_SOURCE DATA_:
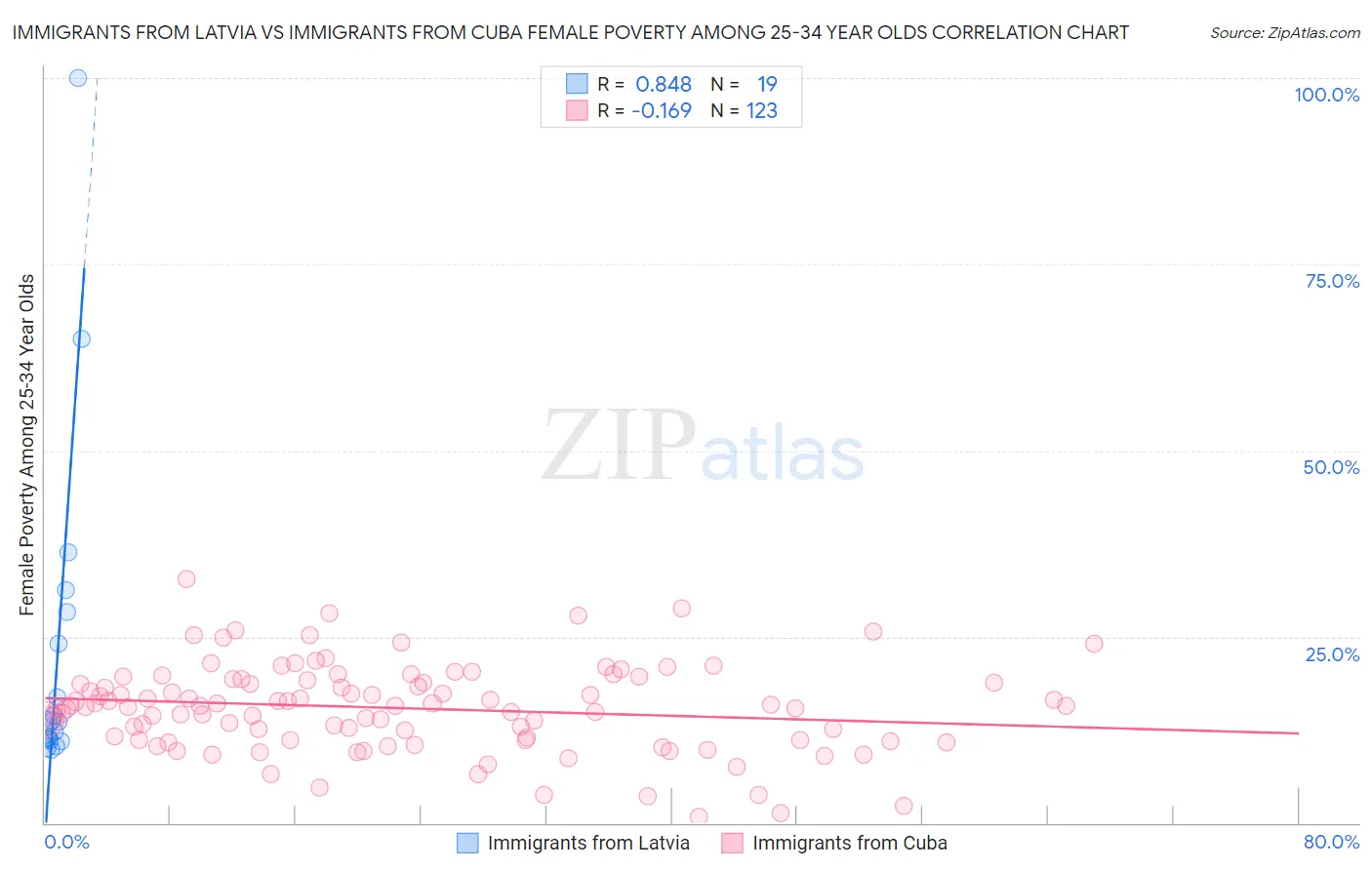 Immigrants from Latvia vs Immigrants from Cuba Female Poverty Among 25-34 Year Olds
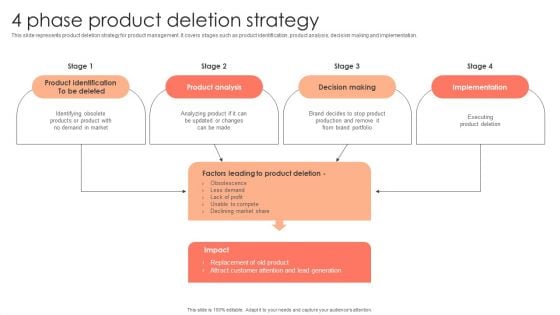 Management Plan For Product Life Cycle 4 Phase Product Deletion Strategy Elements PDF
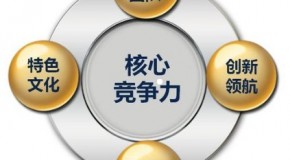 走高端激光切割机造就神绘激光行业品牌之道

_ABOUT THIS EXERCISE_: Please print everything in the material exactly, apart from the pictures.

_EXERCISE ANSWER_:
 Immigrants from Latvia vs Immigrants from Cuba Female Poverty Among 25-34 Year Olds
 Management Plan For Product Life Cycle 4 Phase Product Deletion Strategy Elements PDF
 走高端激光切割机造就神绘激光行业品牌之道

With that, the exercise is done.